SUPPLIED INFORMATION:
--------------------------------
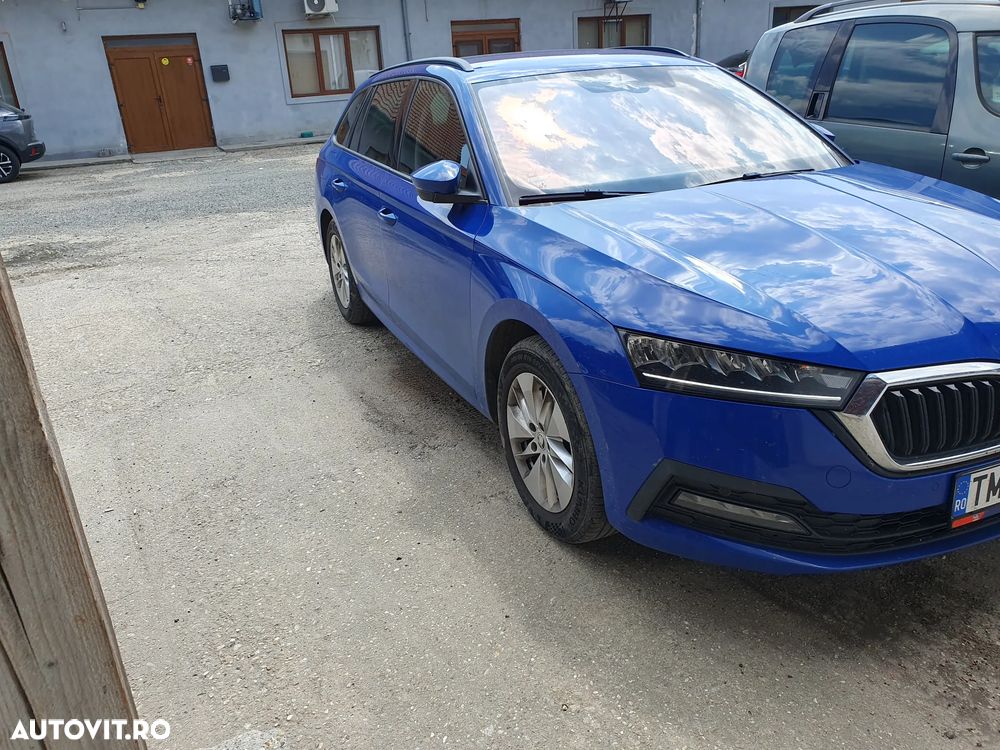 Skoda Octavia 2.0 TDI DSG Ambition - 1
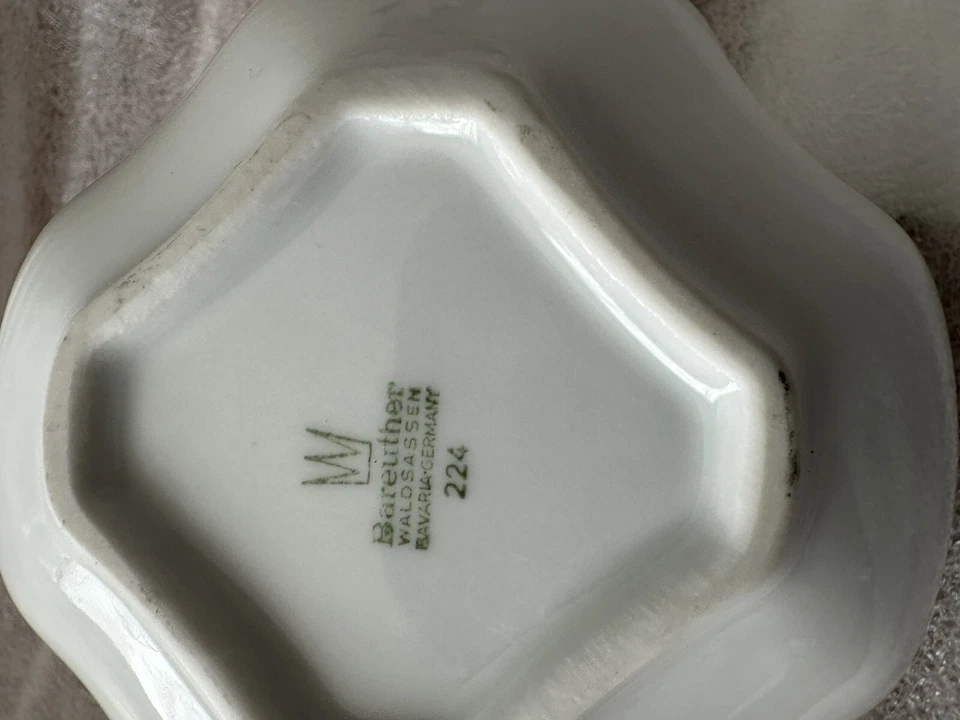 Зеленая и белая красивая ваза. - Изображение 3 из 3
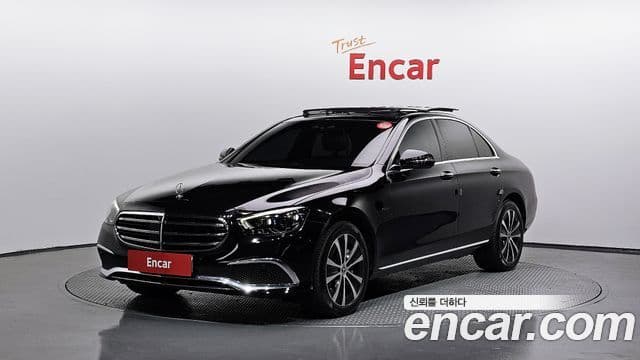 Mercedes-Benz E-Class W213 1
--------------------------------
EXERCISE DESCRIPTION:
Repeat the data above in full and exactly. Omit every image.

SOLUTION:
 Skoda Octavia 2.0 TDI DSG Ambition - 1
 Зеленая и белая красивая ваза. - Изображение 3 из 3
 Mercedes-Benz E-Class W213 1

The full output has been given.